Let's keep bluffing
03.06.2003Britain's Tony Blair is proposing a compromise resolution to the Security Council. Hoping to gather support from a reluctant France, Russia, and China (all veto powers), the plan gives Iraq a firm deadline to disarm — two weeks. The plan is both unnecessary and potentially disastrous.
As others have suggested (Matt Welch's original National Post column is no longer online), I think Dubya's bluffing. If you look at the record, I think that's as good an assessment as any. The White House has consistently refused to set a deadline for Iraqi compliance; war plans get pushed back from January, to mid February, to early March, and now to April. We're ready to go any moment now. Seriously, we mean it. But the hammer never falls — we just keep gathering more troops, tanks, aircraft, ships.
And after each new round of Texan cowboy bravura, Hussein makes another concession. Suddenly, Iraq agrees to destroy its Al Samoud 2 missiles. Even though days previously Hussein himself denied their existence to a dumbfounded world. Hans Blix gets to announce to the UN that Iraq is cooperating just a bit more (but never quite enough). The world gives an anxious sigh of relief.
And then we turn the screws tighter. The mantra of "regime change" became a staple only in the last few months — only taken seriously after the last state-of-the-union address. About a month ago the Pentagon announced that Hussein & his immediate circle were legitimate targets during any military action. Last week, the White House announced that it wouldn't just target Hussein in a war — it would ensure he didn't survive. And after each raising of the bar, Hussein's government releases a few more of the documents Blix has asked for all these months.
The French & Germans proposed "aggressive inspections". Well, what do you call the past three months if not aggressive? Unwittingly or not, Blix is playing good cop to Bush's bad cop.
What most makes me believe Bush is bluffing is this: each ratcheting of the rhetoric is accompanied w/ an exit strategy. Sitting in the comfort of his oval office sofa, Bush flippantly proposed Hussein go into safe exile — immune from US or other persecution.

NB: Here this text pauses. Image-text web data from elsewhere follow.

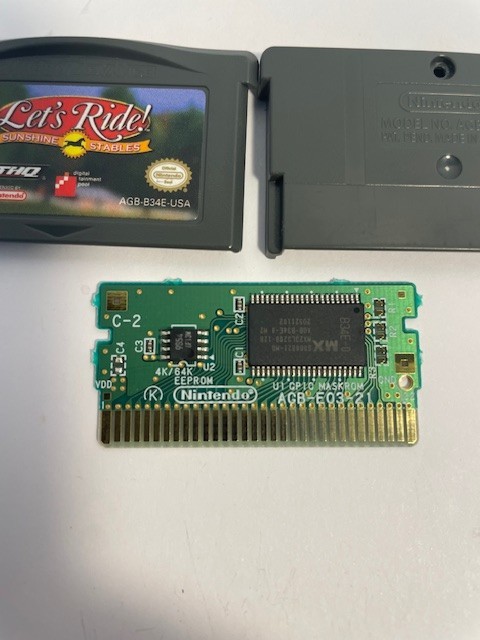 Let’s Ride Sunshine Stables (GameBoy Advance GBA) Tested Cleaned Working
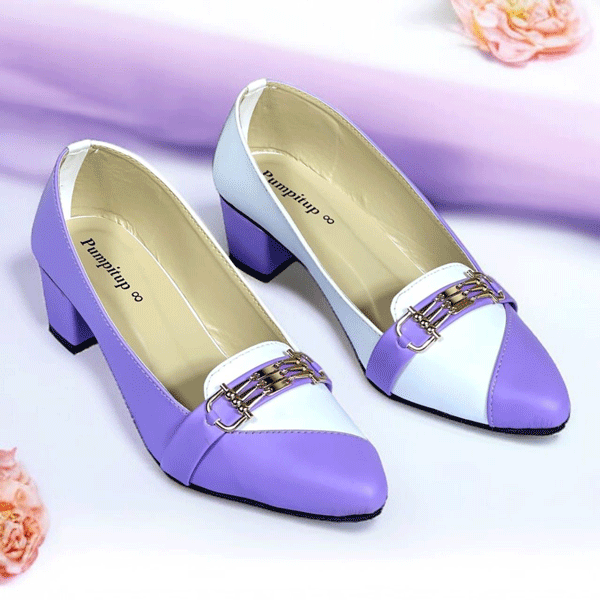 Banafshi Pearl Block Heel Banafshi Pearl sofa rexine ladies shoes PumpItUp.pk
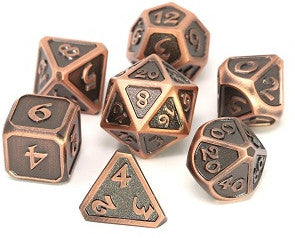 Die Hard Dice Metal Set Polyhedral - Mythica Battleworn Copper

Hussein now has several options, including an invitation from the small Italian town of Soveria Manneli.
War — something I don't think anyone wants — can still be averted. But not at the cost of allowing Hussein to keep torturing & brutalizing his own people & threatening international stability.
And that's why I think the British compromise is dangerous. It's unnecessary because the eighteen previous Security Council resolutions on Iraq already authorize force (at least technically). It's dangerous because the strategy of keeping an ever-looming credible threat on the horizon is working. A real deadline might force our hand. I'd rather keep upping the ante until Hussein folds.

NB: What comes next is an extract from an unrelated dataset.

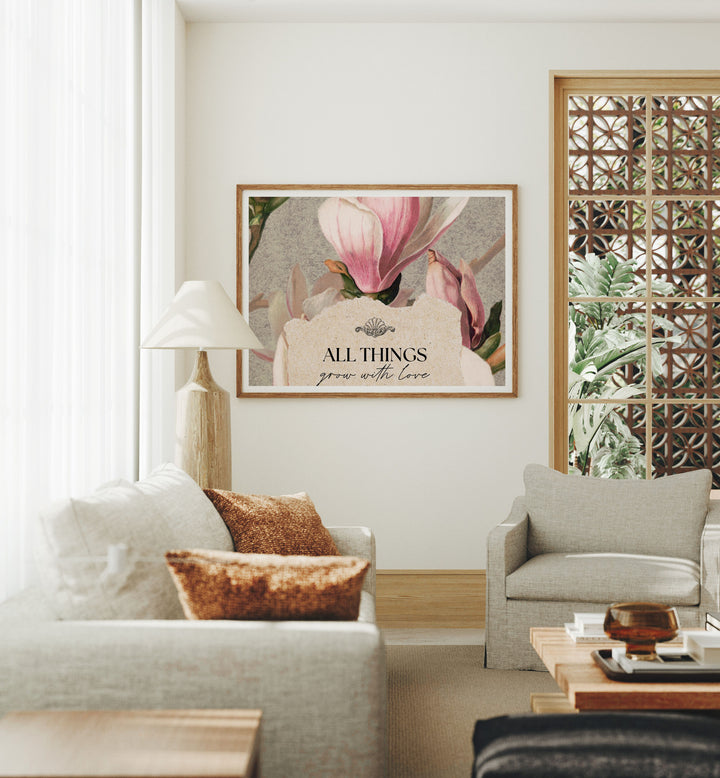 4x3 Horizontal Wood Frame Mockup,Wall Art Mockup,Poster Mockup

Posted by Miguel at 03:20 PM
Comments
I think a more accurate reading of the painstaking wording of the Bush administration's evolving positions is that the closer the USA gets to readiness for military action... the more narrow the demands for action by Saddam become. Now that the USA is ready for military action I really don't think there is anyway Saddam could deal short of unconditional surrender... which is after all, the stated intention of the Bush administration, eg. regime change, and the Clinton administration prior.